Il procedimento tipico è quello del capitolo sul Guatemala. Nell'ambito di una trama di pura invenzione, riguardante il traffico
d'organi (neanche di questo, all'epoca, si parlava ancora), colloco luoghi e date di massacri di indios commessi dall'esercito
guatemalteco, traendoli da un opuscolo di controinformazione scritto da sacerdoti messicani. Anche i nomi degli aguzzini sono veri.
Idem per la Romania, per cui mi baso su un'inchiesta di "Avvenimenti", e per i naziskin.
Tutto ciò resta però collaterale. Il centro della scena è interamente occupato da Nicolas Eymerich, duro,
ombroso, determinato fino alla crudeltà, perfido senza mai essere meschino. Uno sgradevole idealista, capace di ricorrere a
ogni mezzo pur di compiere quello che crede il suo dovere. Tutto viene visto attraverso i suoi occhi e filtrato attraverso i suoi
pensieri. Così il lettore finisce, suo malgrado, per simpatizzare con questa figura così scostante, senza capire bene
come sia potuto succedere.
Lo stesso avviene all'autore. Vincenzo Cerami sostiene che si può e si deve scrivere anche senza ispirazione. Personalmente
non sono d'accordo. Scrivo le avventure di Eymerich in una sorta di invasamento, in cui non so bene se sono io che controllo lui o
lui che controlla me. Nei momenti in cui l'ispirazione cade, mi dedico alla revisione di quanto già scritto e dei dettagli
secondari.
Ma conviene che concluda la mia storia. Spedisco Le catene al Premio Urania, appena istituito.

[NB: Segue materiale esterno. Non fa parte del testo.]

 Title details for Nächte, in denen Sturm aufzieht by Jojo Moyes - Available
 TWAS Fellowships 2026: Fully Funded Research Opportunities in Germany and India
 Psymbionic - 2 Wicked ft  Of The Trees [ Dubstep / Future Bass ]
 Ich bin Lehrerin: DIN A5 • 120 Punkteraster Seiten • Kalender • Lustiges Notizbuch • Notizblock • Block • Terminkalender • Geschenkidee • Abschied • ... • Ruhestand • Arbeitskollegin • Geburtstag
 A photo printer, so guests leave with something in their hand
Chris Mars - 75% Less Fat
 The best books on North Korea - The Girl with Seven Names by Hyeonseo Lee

I giurati
mi riempiono di lodi, ma affermano che non si tratta di fantascienza "pura". Lascio passare un anno, poi scrivo Il corpo e il sangue di
Eymerich e lo mando di nuovo al Premio Urania. Il giudizio è il solito: troppo poco fantascientifico. Non mi scoraggio e
tento l'anno dopo con Nicolas Eymerich, inquisitore. Questa volta ho inserito nella vicenda astronavi e pianeti misteriosi. Vinco
finalmente il premio e il romanzo viene pubblicato.
La mia odissea finirebbe qui se alla direzione della sezione Libri Periodici della Mondadori non
giungesse un nuovo manager, Stefano Magagnoli. Questi controlla i dati delle vendite di Urania e si
accorge di un dettaglio che era sfuggito a tutti: Nicolas Eymerich, inquisitore ha venduto, durante l'anno, più di ogni altro
titolo, inclusi quelli dei più affermati autori anglosassoni. Non era mai successo a nessuno scrittore italiano di fantascienza.
Da quel momento il cammino è in discesa.
Non so se i miei romanzi possano piacere a tutti. La loro confezione ha poco a che vedere con la creazione artistica, e molto col
lavoro artigianale della narrativa popolare. Ma forse è proprio questo che è sempre mancato in Italia: una letteratura
"di genere" pienamente consapevole sia dei suoi limiti che delle sue potenzialità.